There are so many positive stories to tell and it’s perhaps a pity that more of that doesn’t get out at events such as COP28. To be fair to the auto industry though, the annual COP meetings are not the only game in town.

For example, the World Climate Summit bills itself as an ‘investment COP’ for private companies. At that event earlier this year, Ralf Pfitzner, Head of Sustainability at the Volkswagen Group, stressed the importance of the industry working together. VW Group aims to be carbon neutral by 2050 at the latest. There is also an intermediate target of reducing carbon emissions by 30% by 2030 (versus 2018) over the entire lifecycle of passenger and light duty vehicles. That would be some achievement and would include the use-phase of the vehicles, as well as the carbon emitted in their manufacturing at VW Group plants but also – crucially – also include VW’s supply chain. The information flows alone are going to be challenging, but digital tech and tools such as blockchain can certainly help.   
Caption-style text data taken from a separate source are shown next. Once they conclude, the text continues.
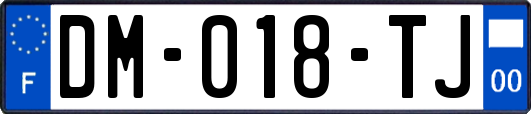 DM-018-TJ
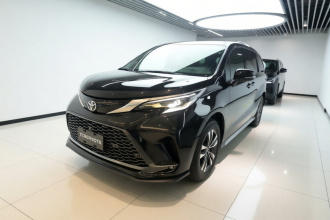 丰田 格瑞维亚 2026款 2.5L混动 尊贵PLUS四驱版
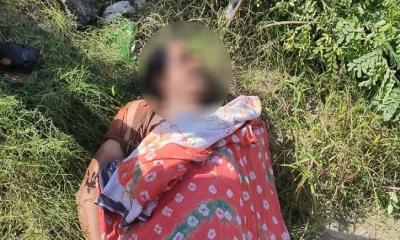 সোনারগাঁ থেকে যুবকের লাশ উদ্ধার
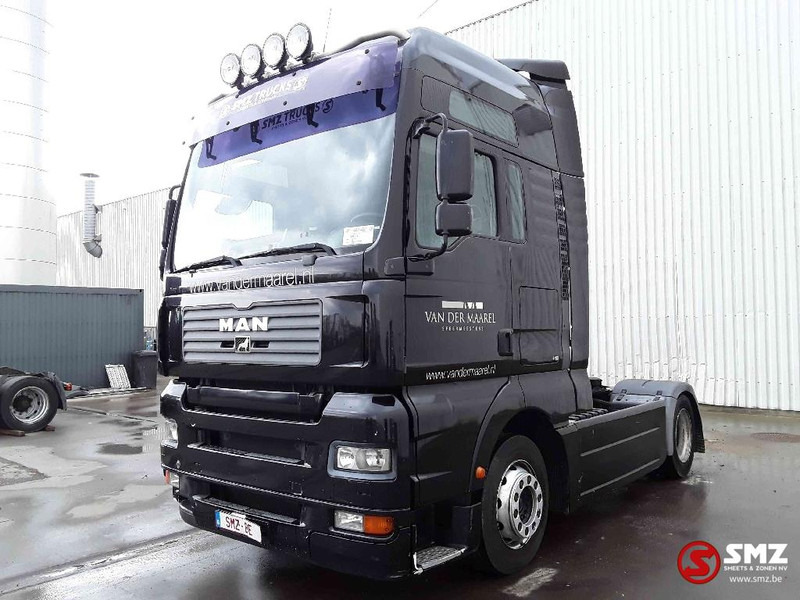 MAN TGA 18.360 Xxl 683"km NL truck - Sadulveok: pilt 3 MAN TGA 18.360 Xxl 683"km NL truck - Sadulveok: pilt 3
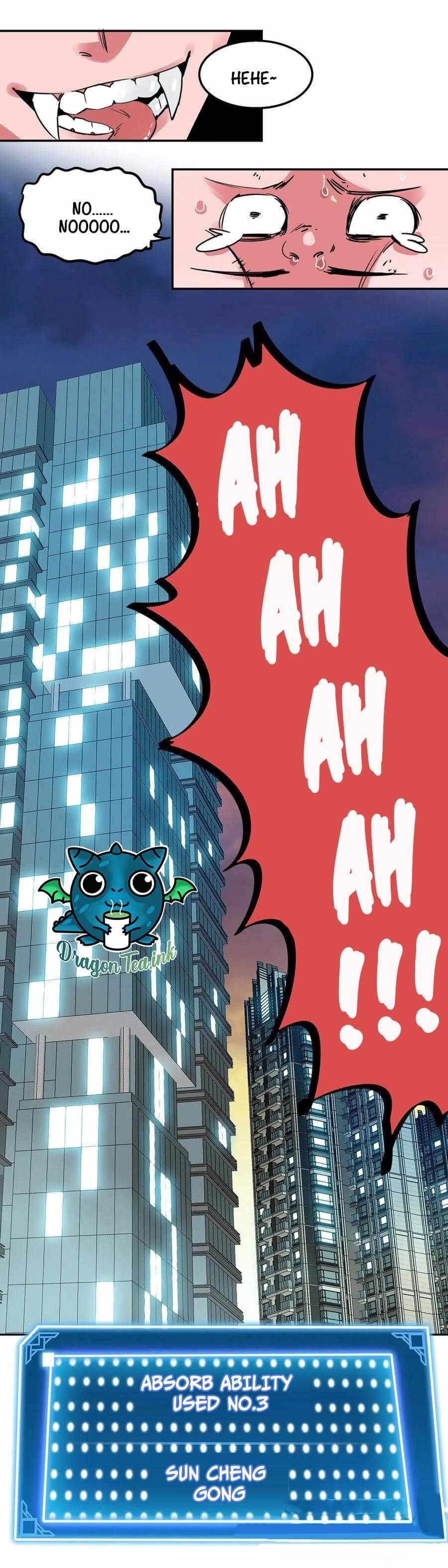 It Feels So Wrong to Bite People Chapter 9 - Page 7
Pfitzner also pointed out that the endeavour is not something that even a huge company like VW can tackle alone. “The World Climate Summit brings together a huge crowd of engaged business people, all across the value chain,” he said. “It is an excellent opportunity to network, drive our sustainability agenda, have business conversations – with potential suppliers, with [our] partners on the investment side – that help us jointly drive the sustainability and decarbonisation agenda. We believe we can’t do that alone – that huge endeavour of decarbonising individual mobility. We have to work together.”

And that sums it up very neatly: We have to work together, wherever we are. A lot is happening already but more conversations about shared goals and procurement policies will be needed across the auto industry (like other industries). The challenges ahead are going to be big, but everyone in the industry is acutely aware of that. It may not be obvious at the COP28 event or in the noise that emanates from the attendant media scrums, but there are plenty of valuable initiatives and conversations – that are good for the environment and for business – going on across the automotive sector.

As an old British telecomms ad tagline put it: It’s good to talk.